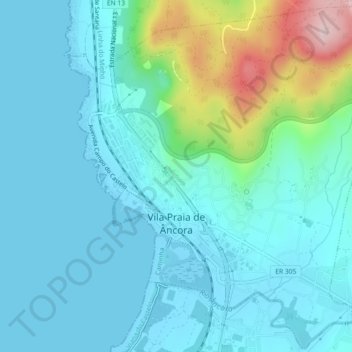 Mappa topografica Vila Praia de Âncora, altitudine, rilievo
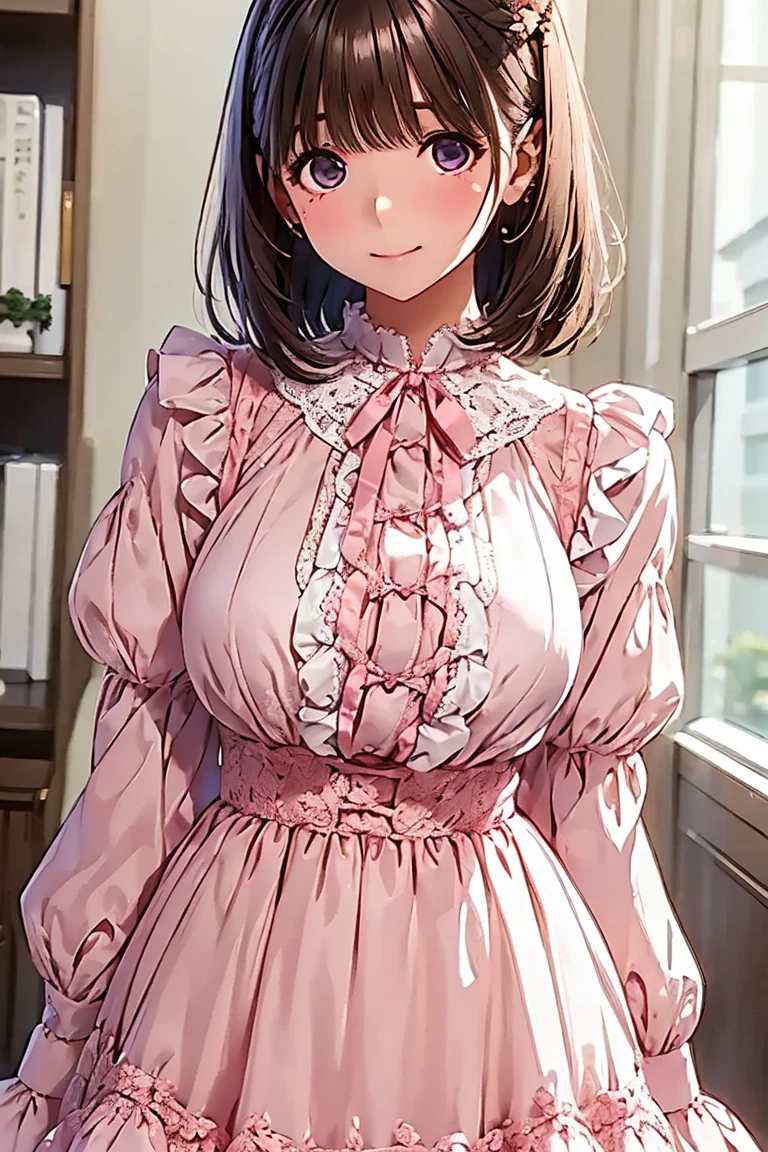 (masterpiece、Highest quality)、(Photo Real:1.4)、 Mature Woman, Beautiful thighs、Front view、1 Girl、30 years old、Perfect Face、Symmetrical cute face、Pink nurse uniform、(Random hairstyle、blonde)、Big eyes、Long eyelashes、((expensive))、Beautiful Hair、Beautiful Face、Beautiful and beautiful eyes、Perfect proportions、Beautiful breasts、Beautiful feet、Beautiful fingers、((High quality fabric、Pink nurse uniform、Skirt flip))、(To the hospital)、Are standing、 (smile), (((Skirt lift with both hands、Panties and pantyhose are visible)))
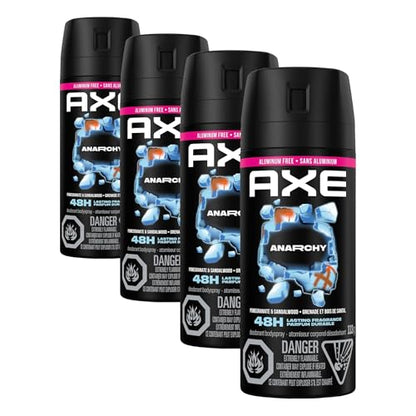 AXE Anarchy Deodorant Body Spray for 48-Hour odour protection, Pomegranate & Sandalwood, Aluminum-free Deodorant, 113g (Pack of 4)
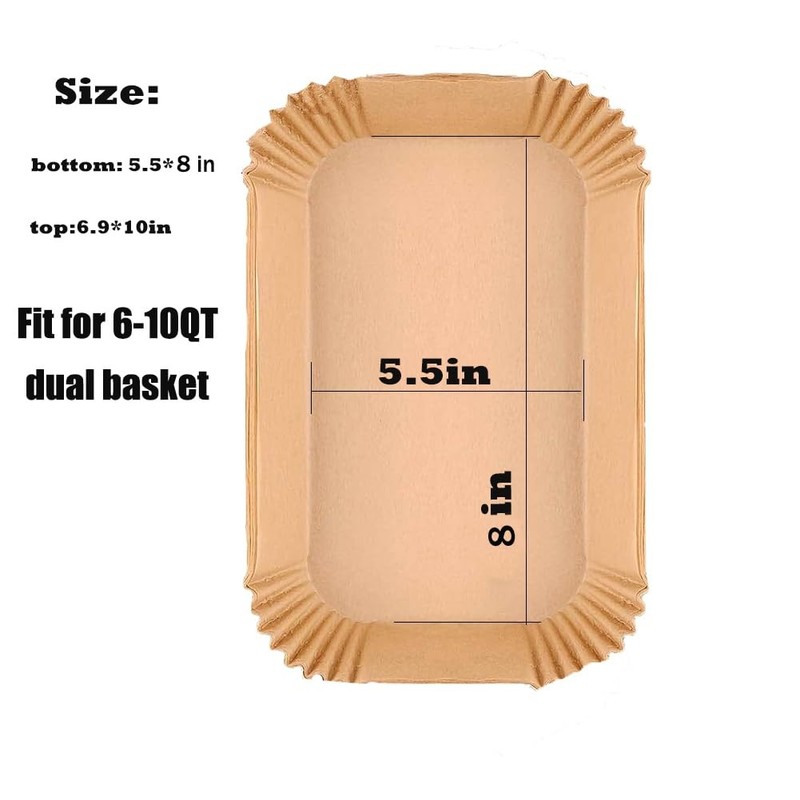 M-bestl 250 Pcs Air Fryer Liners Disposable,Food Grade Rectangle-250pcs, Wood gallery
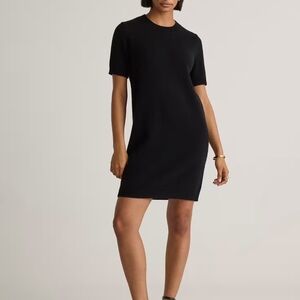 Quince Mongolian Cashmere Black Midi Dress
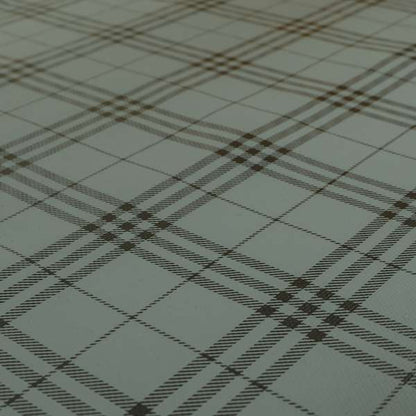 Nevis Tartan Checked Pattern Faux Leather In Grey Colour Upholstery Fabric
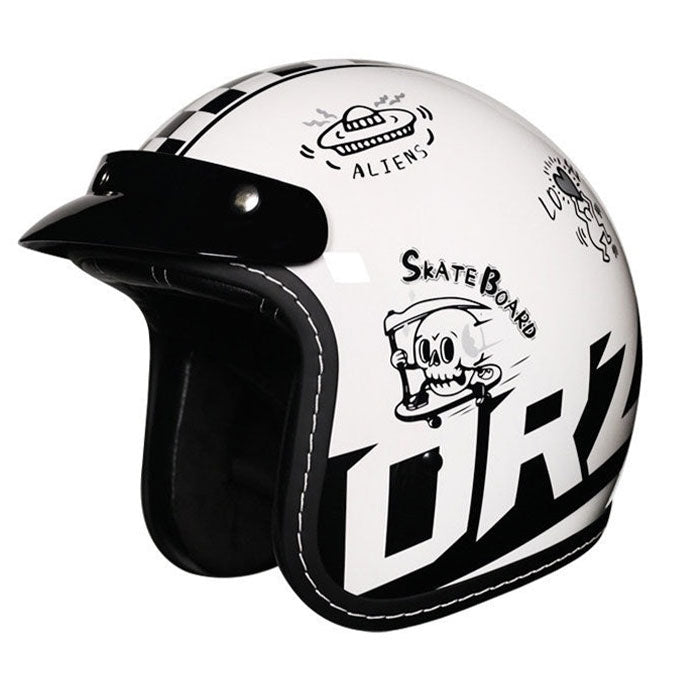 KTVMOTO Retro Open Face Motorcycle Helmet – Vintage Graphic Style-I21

-*-*-

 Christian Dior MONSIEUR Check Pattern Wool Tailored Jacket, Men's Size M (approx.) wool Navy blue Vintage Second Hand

-*-*-

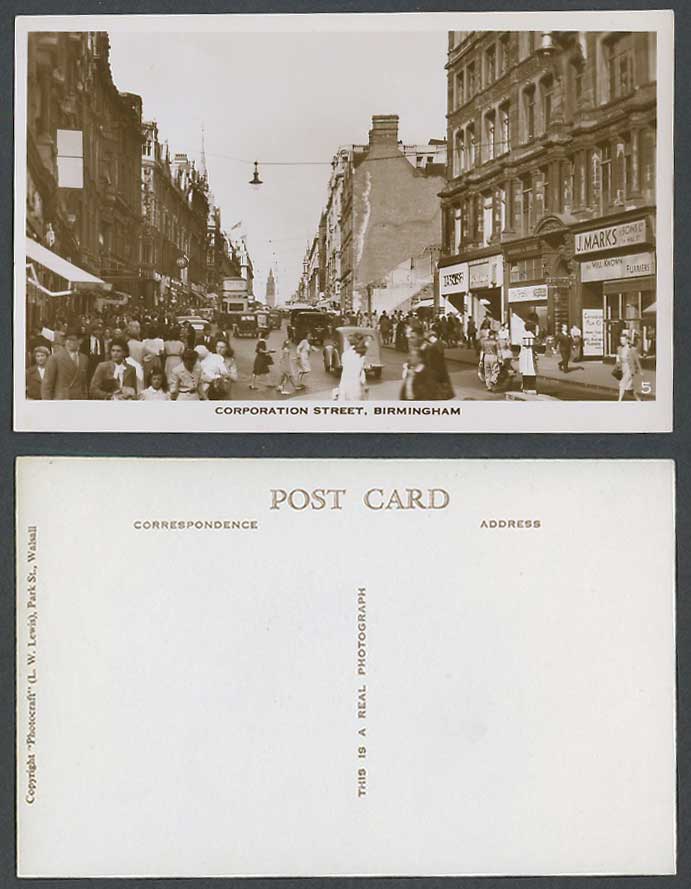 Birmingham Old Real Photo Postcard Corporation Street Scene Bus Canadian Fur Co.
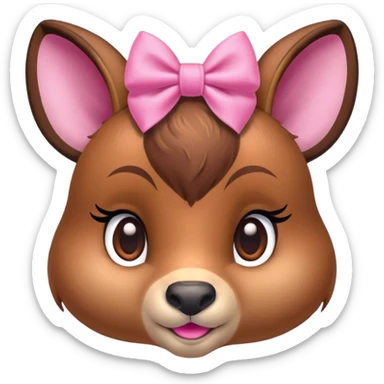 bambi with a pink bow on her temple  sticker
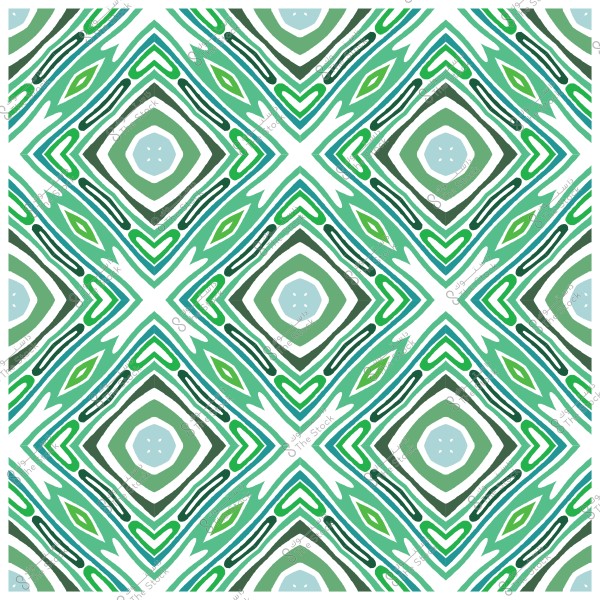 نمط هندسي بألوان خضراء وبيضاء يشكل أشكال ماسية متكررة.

-*-*-

→ THE PROBLEM:
Drop the pictures; return the lines above from the line containing "Mappa topografica Vila" to the line containing "KTVMOTO Retro Open", both included, exactly.

→ EXERCISE RESPONSE:
 Mappa topografica Vila Praia de Âncora, altitudine, rilievo
 (masterpiece、Highest quality)、(Photo Real:1.4)、 Mature Woman, Beautiful thighs、Front view、1 Girl、30 years old、Perfect Face、Symmetrical cute face、Pink nurse uniform、(Random hairstyle、blonde)、Big eyes、Long eyelashes、((expensive))、Beautiful Hair、Beautiful Face、Beautiful and beautiful eyes、Perfect proportions、Beautiful breasts、Beautiful feet、Beautiful fingers、((High quality fabric、Pink nurse uniform、Skirt flip))、(To the hospital)、Are standing、 (smile), (((Skirt lift with both hands、Panties and pantyhose are visible)))
 AXE Anarchy Deodorant Body Spray for 48-Hour odour protection, Pomegranate & Sandalwood, Aluminum-free Deodorant, 113g (Pack of 4)
 M-bestl 250 Pcs Air Fryer Liners Disposable,Food Grade Rectangle-250pcs, Wood gallery
 Quince Mongolian Cashmere Black Midi Dress
 Nevis Tartan Checked Pattern Faux Leather In Grey Colour Upholstery Fabric
 KTVMOTO Retro Open Face Motorcycle Helmet – Vintage Graphic Style-I21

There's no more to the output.